Tuesday, January 15, 2013
This cartoon is by2009 LSU Grad M J Shepherd . His post on this cartoon is here .
Needless to say I think his view of the issues surrounding the HHS Contraception mandate is a tad simplistic. The fact is we have a conflict between two laws. That is the HHS contraception mandate on side hand and the The Religious Freedom Restoration Act on the other.
One would also think one could be an conservative or a liberal, or Atheist, or a Christian and have some empathy for those wish to have their day in court without being subject to the threat of huge fines that could put you out of business for that right. However I am tad old fashion.

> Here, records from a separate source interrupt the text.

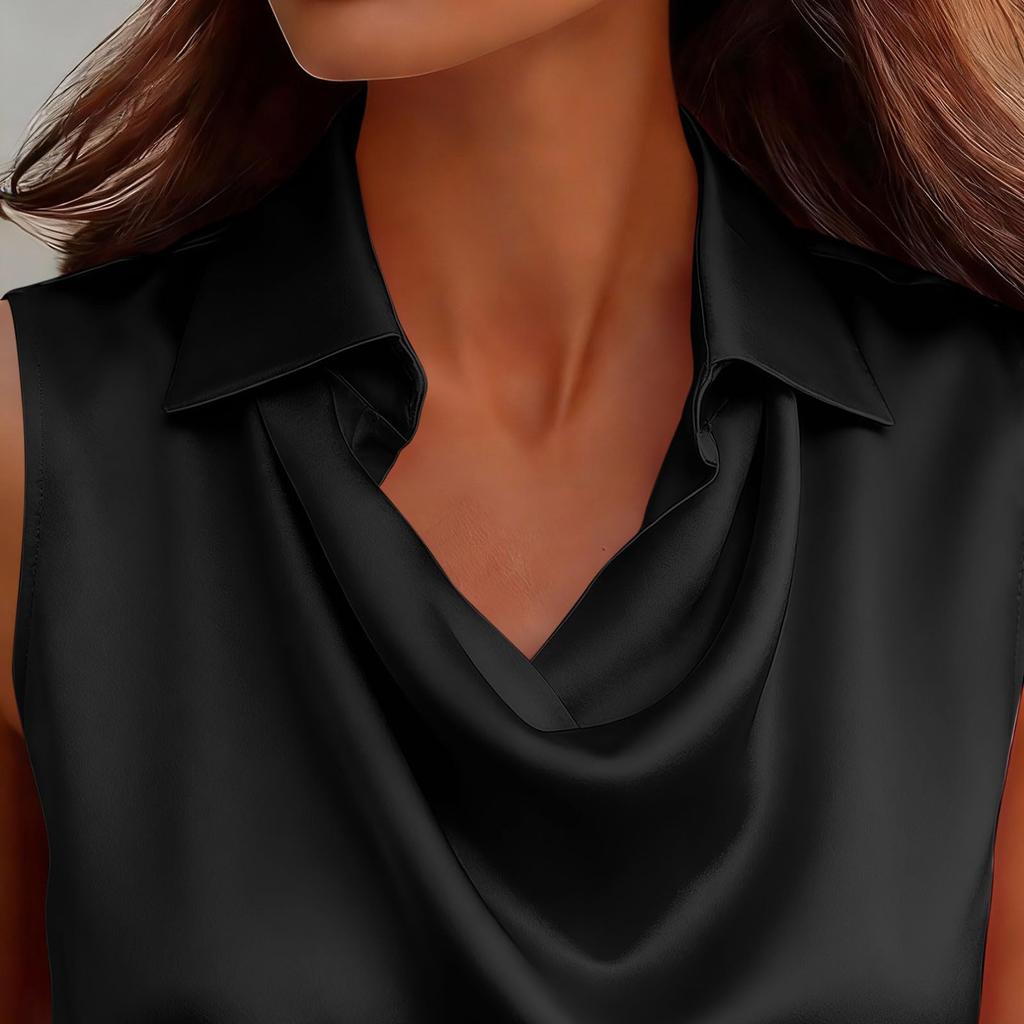 Modisches farbiges Kragen-Ärmelloses Hemd für Damen Sommer Business Casual Top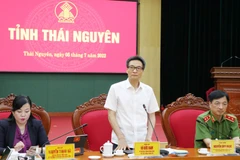 Phó Thủ tướng Chính phủ Vũ Đức Đam phát biểu trong buổi làm việc với tỉnh Thái Nguyên. (Ảnh: Hoàng Nguyên/TTXVN)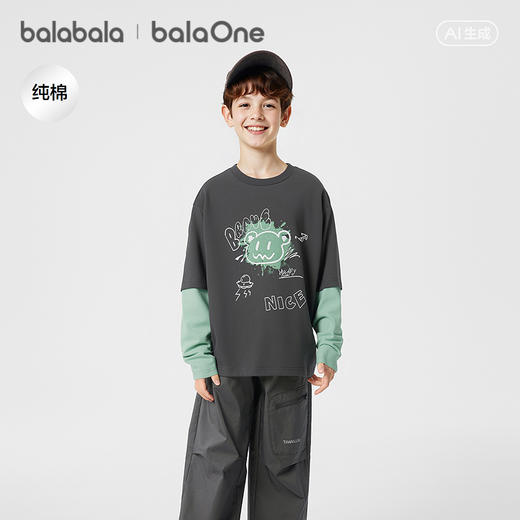 【balaOne】巴拉巴拉童装儿童长袖t恤男童2026春季新款假两件上衣 商品图0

This cartoon again makes me think of of a piece I read back in 2011. See Professor Vischer on New Conscience Regs
The second question: how did rolling back – or at least holding the line on – conscience protections become a hallmark of a progressive political agenda? This is a much trickier inquiry than parsing regulatory language. One relevant development is progressives’ tendency to conceive of freedom – and the government’s responsibility to safeguard that freedom – in terms of positive liberty, not just negative liberty. Negative liberty requires protection against interference with the pursuit of basic goods; positive liberty requires affirmative assistance in securing basic goods. As progressives have tended to expand the range of goods for which the government’s affirmative assistance is required, the potential for conflict with a provider’s liberty becomes greater. Nowhere is this trend more pronounced than in the debates over reproductive rights. Arguments for conscience protection emerge from a long tradition of negative liberty; arguments for guaranteed access to a particular good or service – backed up in many cases by state power – emerge from a much more recent tradition of positive liberty.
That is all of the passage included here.